### Directions
Of the lines listed below, return exactly those that run from the line containing "Rasiermesser, Schere und Trimmer auf Leder" through the line containing "Rory writing a", both included.

### Exercise inputs
Segment Open

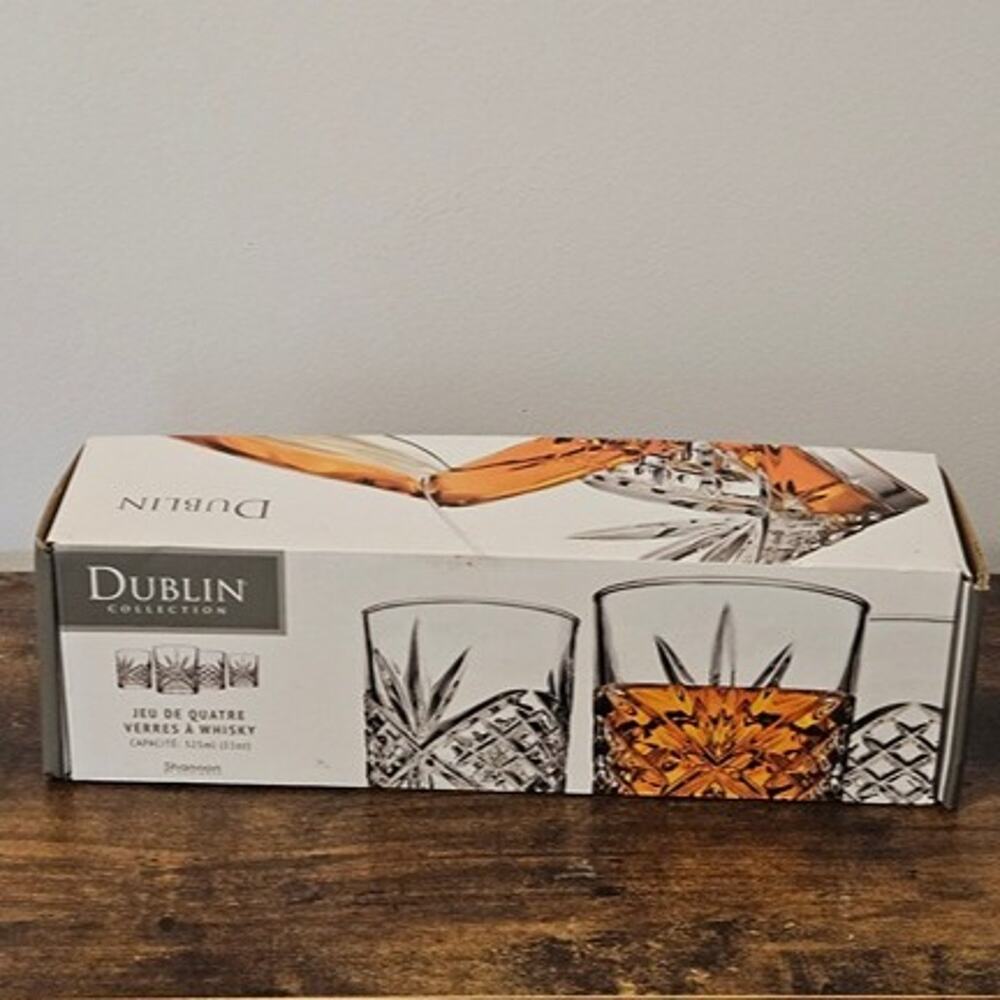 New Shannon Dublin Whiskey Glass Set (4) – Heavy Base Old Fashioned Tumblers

Segment Closed
Segment Open

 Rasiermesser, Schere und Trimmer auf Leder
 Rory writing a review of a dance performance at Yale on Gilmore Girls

Segment Closed
Segment Open

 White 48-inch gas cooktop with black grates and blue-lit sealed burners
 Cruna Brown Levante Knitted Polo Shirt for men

Segment Closed

### Your solution
 Rasiermesser, Schere und Trimmer auf Leder
 Rory writing a review of a dance performance at Yale on Gilmore Girls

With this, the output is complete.